During her 32-year love affair with the viol, Julie Jeffrey has developed a career on the instrument which has taken her all over the world, performing, recording, teaching and inspiring enthusiasm for the viol. At home in the San Francisco Bay Area Ms. Jeffrey is a member of Sex Chordæ Consort of Viols, is the creative mastermind of the acclaimed trio Wildcat Viols, and is half of the French Baroque specialists, Hallifax & Jeffrey. Devoted to promoting all aspects of interest in her instrument, Ms. Jeffrey is a co-founder and active member of the Viola da Gamba Society, Pacifica Chapter, and currently serves on the board of directors of the Viola da Gamba Society of America.
Lynn Tetenbaum has been hailed by the Boston Herald as a “master musician, fluent, intelligent and natural.” She holds a B.A. from Wellesley College and the Artist Diploma from Oberlin Conservatory where she studied with Catharina Meints. The recipient of grants from Wellesley College and the Ministry of the Flemish Community, she spent five years in Belgium where she studied with Wieland Kuijken at the Royal Conservatory of Brussels, receiving the Premier Prix in 1987 and the Diplôme Supérieur in 1990.

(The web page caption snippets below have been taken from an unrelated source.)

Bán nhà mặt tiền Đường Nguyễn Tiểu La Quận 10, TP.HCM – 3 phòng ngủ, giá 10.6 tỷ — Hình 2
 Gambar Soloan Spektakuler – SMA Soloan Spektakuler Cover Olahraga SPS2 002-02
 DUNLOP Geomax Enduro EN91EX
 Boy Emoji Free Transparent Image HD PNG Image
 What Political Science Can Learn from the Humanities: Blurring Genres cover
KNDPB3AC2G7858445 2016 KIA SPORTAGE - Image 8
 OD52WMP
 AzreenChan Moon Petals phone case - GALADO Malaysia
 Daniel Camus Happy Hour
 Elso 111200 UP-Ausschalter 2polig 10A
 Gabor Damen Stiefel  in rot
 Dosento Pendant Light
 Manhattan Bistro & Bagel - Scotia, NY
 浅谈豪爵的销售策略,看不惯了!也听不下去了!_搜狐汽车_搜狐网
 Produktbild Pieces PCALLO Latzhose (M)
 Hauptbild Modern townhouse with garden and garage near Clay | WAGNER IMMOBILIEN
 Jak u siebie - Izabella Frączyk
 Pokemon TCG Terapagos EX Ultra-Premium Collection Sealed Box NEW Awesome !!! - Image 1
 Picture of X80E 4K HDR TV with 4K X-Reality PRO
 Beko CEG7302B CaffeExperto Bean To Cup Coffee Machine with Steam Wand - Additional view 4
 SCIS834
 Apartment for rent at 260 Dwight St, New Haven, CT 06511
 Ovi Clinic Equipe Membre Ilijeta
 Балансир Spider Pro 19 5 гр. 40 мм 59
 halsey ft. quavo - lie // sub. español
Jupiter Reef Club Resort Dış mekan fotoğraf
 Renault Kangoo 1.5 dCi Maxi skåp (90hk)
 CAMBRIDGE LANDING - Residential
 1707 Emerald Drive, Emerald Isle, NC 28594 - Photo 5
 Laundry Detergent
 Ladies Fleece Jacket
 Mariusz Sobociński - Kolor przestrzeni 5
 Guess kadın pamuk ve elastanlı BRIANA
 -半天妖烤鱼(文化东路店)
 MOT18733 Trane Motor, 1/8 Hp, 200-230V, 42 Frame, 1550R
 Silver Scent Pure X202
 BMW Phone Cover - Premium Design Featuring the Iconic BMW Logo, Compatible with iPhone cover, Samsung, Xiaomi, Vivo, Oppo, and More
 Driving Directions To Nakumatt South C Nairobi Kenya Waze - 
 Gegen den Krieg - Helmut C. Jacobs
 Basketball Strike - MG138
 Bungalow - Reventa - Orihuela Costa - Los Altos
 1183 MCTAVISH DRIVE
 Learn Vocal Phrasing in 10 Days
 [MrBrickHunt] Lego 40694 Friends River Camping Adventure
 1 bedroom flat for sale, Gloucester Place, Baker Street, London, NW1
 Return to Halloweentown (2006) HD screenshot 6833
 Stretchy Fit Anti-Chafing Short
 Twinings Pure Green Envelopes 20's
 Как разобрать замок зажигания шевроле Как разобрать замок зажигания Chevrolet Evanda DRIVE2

While living in the Boston area, she was a cofounder of “Défense de la viole,” a series dedicated to music featuring the viola da gamba, and performed for many years with Musica Poetica, an ensemble focusing on music from 17th-century Germany. Since moving to the Bay Area in 1988, Ms. Tetenbaum has performed with many of the area’s leading early music ensembles including American Baroque, the California Bach Society, Magnificat, and the San Francisco Bach Choir. She has toured and recorded with groups such as Jacobean Viols (Holland), the Boston Camerata and the Sex Chordae Consort of Viols, and has appeared at the Berkeley Early Music Festival, the Regensberg Festival and on numerous San Francisco Early Music Society concerts. She has taught at workshops in Belgium and England as well as in the US and teaches privately in the Bay Area. She has recorded for Erato, Koch, and Centaur.